From a statistical point of view, most of the methods of machine learning are statistical classification and regression method to the field of engineering extension.
The term "regression" (Regression) was the origin of the British scientist Francis Galton (1822-1911) in a 1886 paper [1] to study the relationship between height and parental height of a child. After observing 1087 couples, the adult son was found to be of height =33.73+0.516* The average height of the parent (in inches). He found that the height of the child was more moderate than that of his parents: if both parents were very tall, the child was taller but shorter than his parents, and if both parents were very short, the child was taller and taller than his parents.
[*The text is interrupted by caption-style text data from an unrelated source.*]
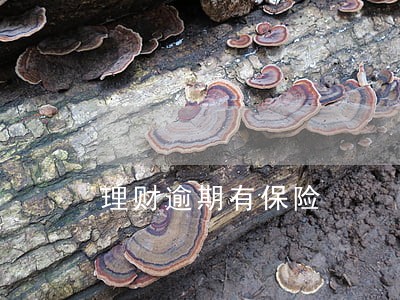 理财逾期有保险 理财逾期有保险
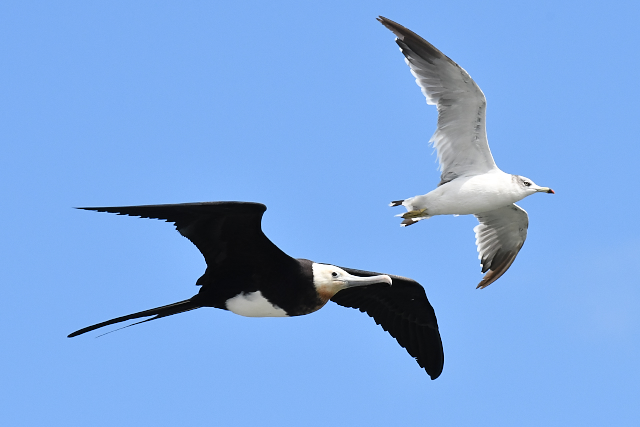 �I�I�O���J���h���ƃE�~�l�R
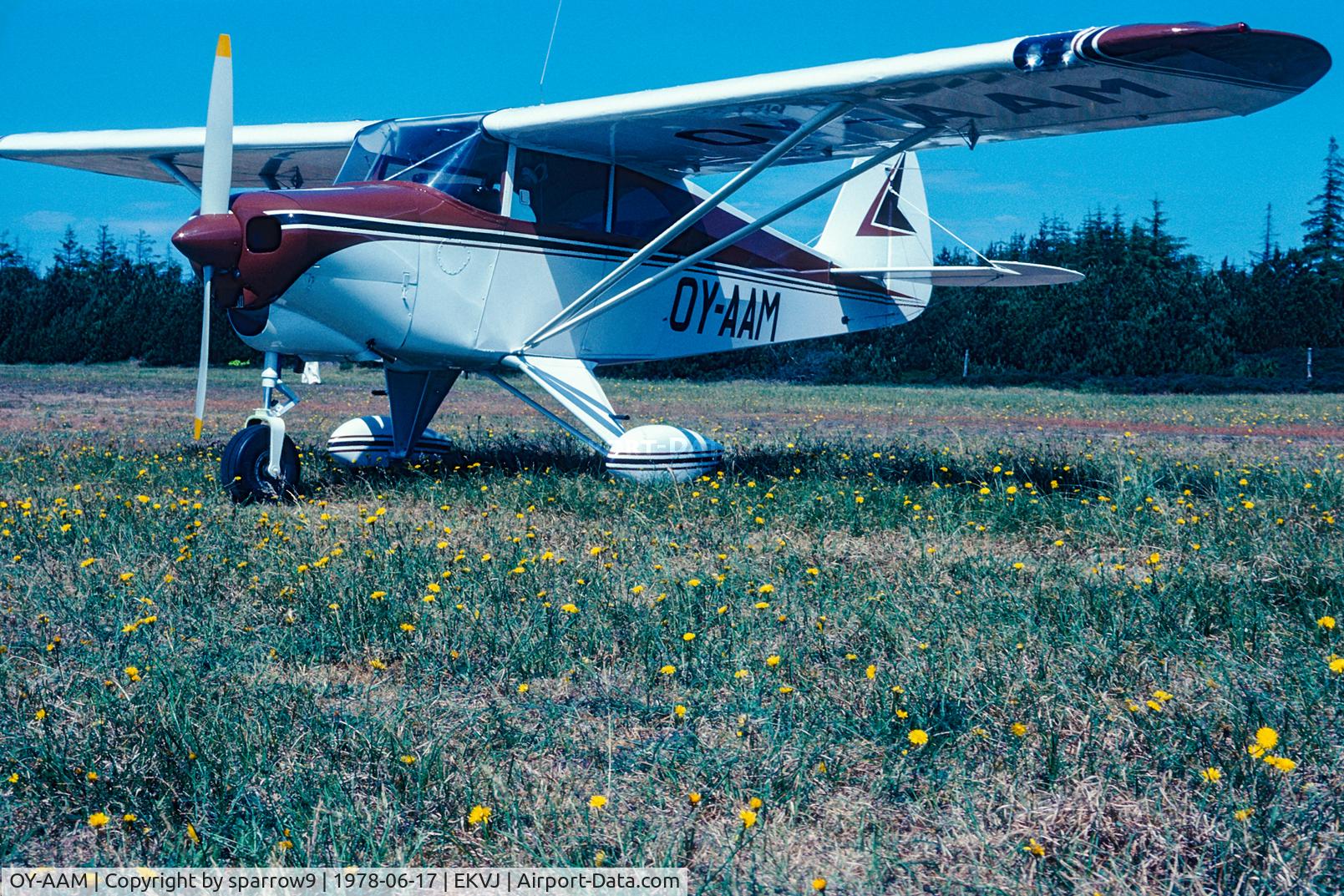 OY-AAM, 1951 Piper PA-22-125 C/N 22-113, Destroyed in a fire in Norway 2012. KZ-Rally Stauning. Scanned from a slide.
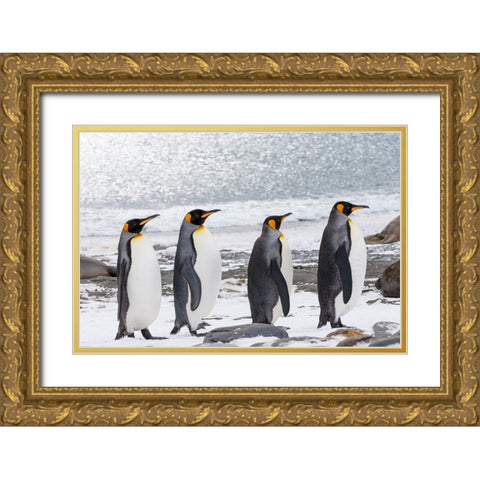 Southern Ocean-South Georgia-Salisbury Plain-adult king penguins-snowy beach Gold Ornate Wood Framed Art Print with Double Matting by Goff, Ellen B.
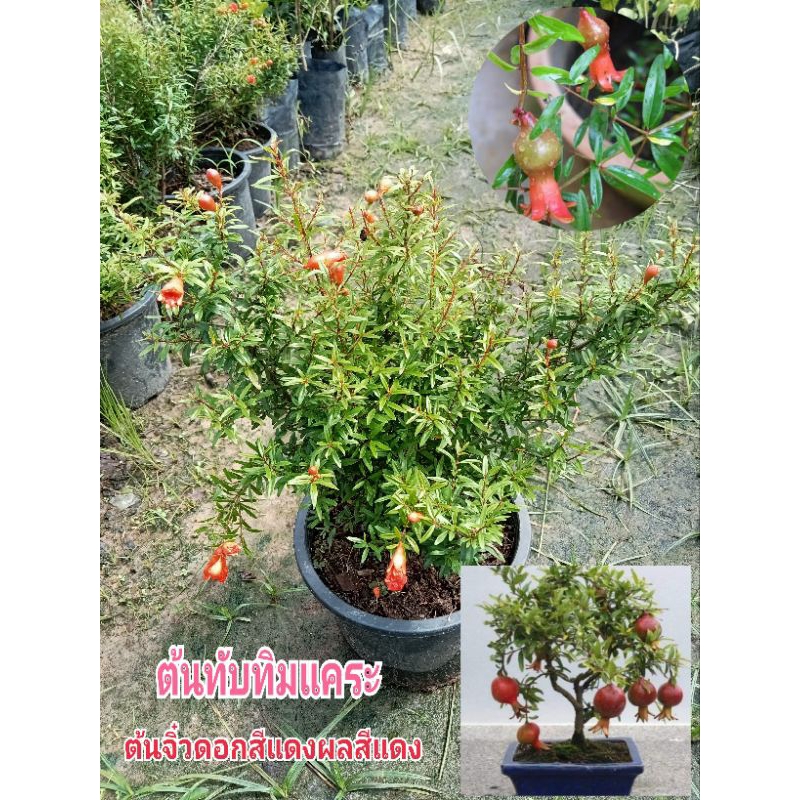 ต้นทับทิมแคระ ต้นจิ๋วผลสีแดง ไม้มงคล เสริมฮวงจุ้ย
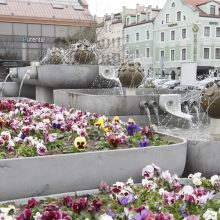 Uostamiestyje pradėjo šniokšti fontanai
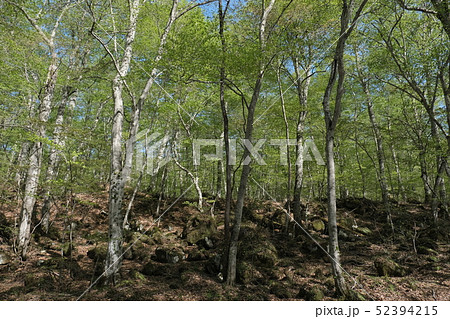 奥入瀬十和田 52394215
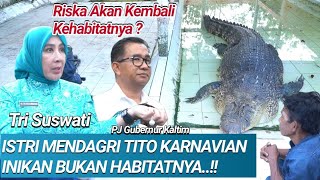 AMBO TEMANI ISTRI TITO KARNAVIAN MENDAGRI KEPENANGKARANRISKA KEMBALI KEHABITATNYA❓ [upl. by Dragoon]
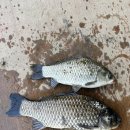 수신낚시터 이미지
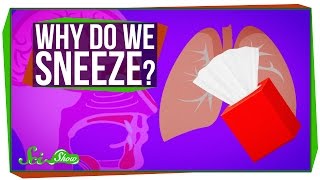 Why Do We Sneeze [upl. by Dric]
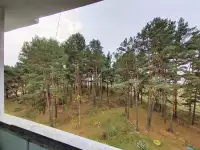 Продам квартиру с хорошим ремонтом в центре благоустроенного поселка Чисть, фотография 7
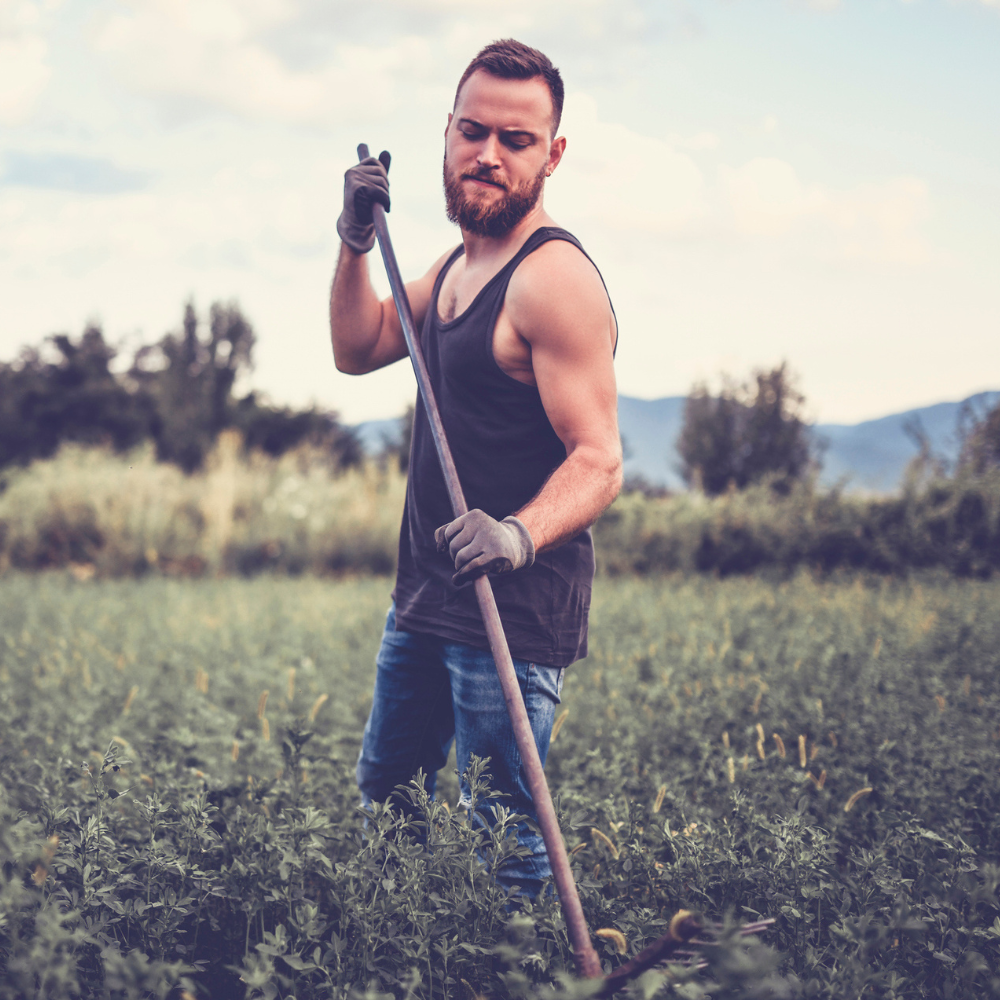 Understanding the Pros and Cons of Farm Strength & Gym Strength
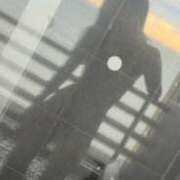 ヒメ日記 2025/11/16 09:08 投稿 みなみ キャンパスサミット　千葉店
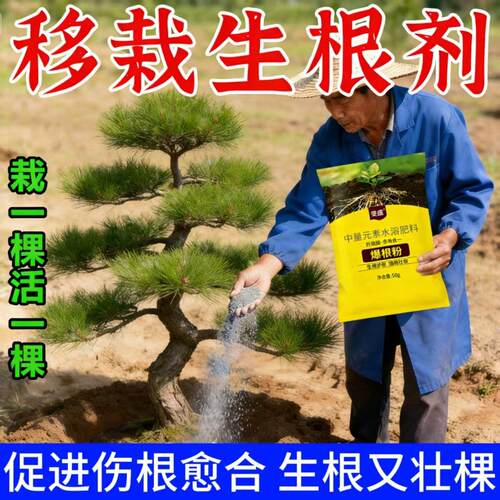 【爆发生根】松树快速生根剂松树生根粉松树发根壮苗防烂根速成活
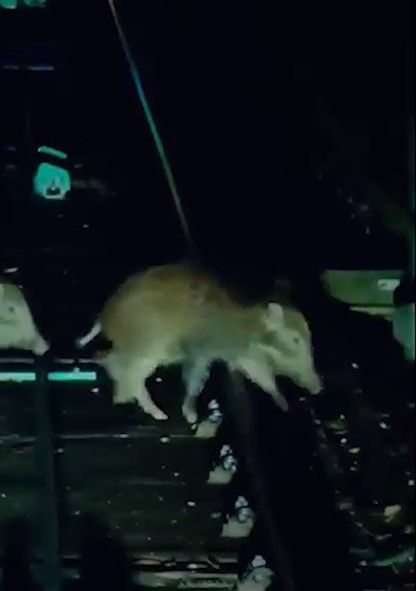 山頂纜車遇野豬BB「學行」阻路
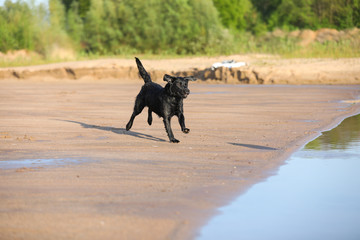 Labrador springt ins Wasser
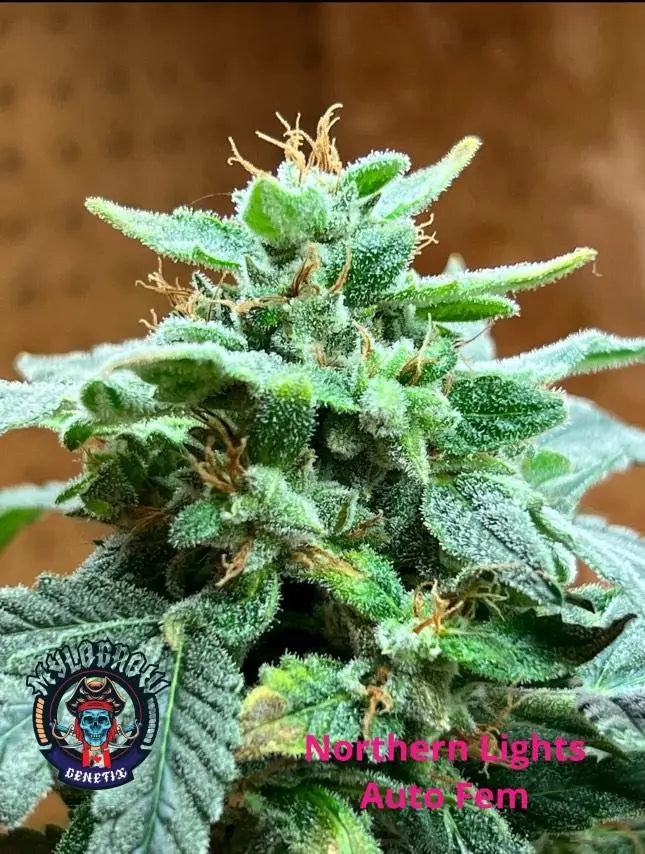 MyloGrow – Northern Lights - Auto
This discovery is known as the "Return to mean" (regression to the mean). This also shows that the regression model is a soft model, and the regression model is more descriptive of the correlation between things than causality, which is not as rigorous as a physical model or some function (such as Kepler's Law of planetary motion).
1. Starting with the unary linear regression
When we judge whether we weigh properly, we have to measure our height first. Because in both physical and aesthetic terms, weight and height are related. It is common to think that the human body is homogeneous, that is, the relationship between height and weight is linear, then we hope to establish a linear regression model of one element.
Y=β0+β1x+ε,
X is the current height, ε is the error term, β0 and β1 are two constants, it is generally considered that each height of ε is independent, and the average value is 0, the variance is σ2 normal distribution, recorded as Ε-i.i.d~n (0,σ2). Because of the error, the current height x under the weight y, recorded as y|x, also exists y|x ~n (β0+β1x,σ2), so we put our own height x in, we can get that height under the weight of the average, and 99.74% of the confidence that the height, weight should be between (β0+β1x-3σ,β0+β1x+3σ). Of course, if you deviate from this interval, the weight is not standard, but this also requires that the value of σ is not too large.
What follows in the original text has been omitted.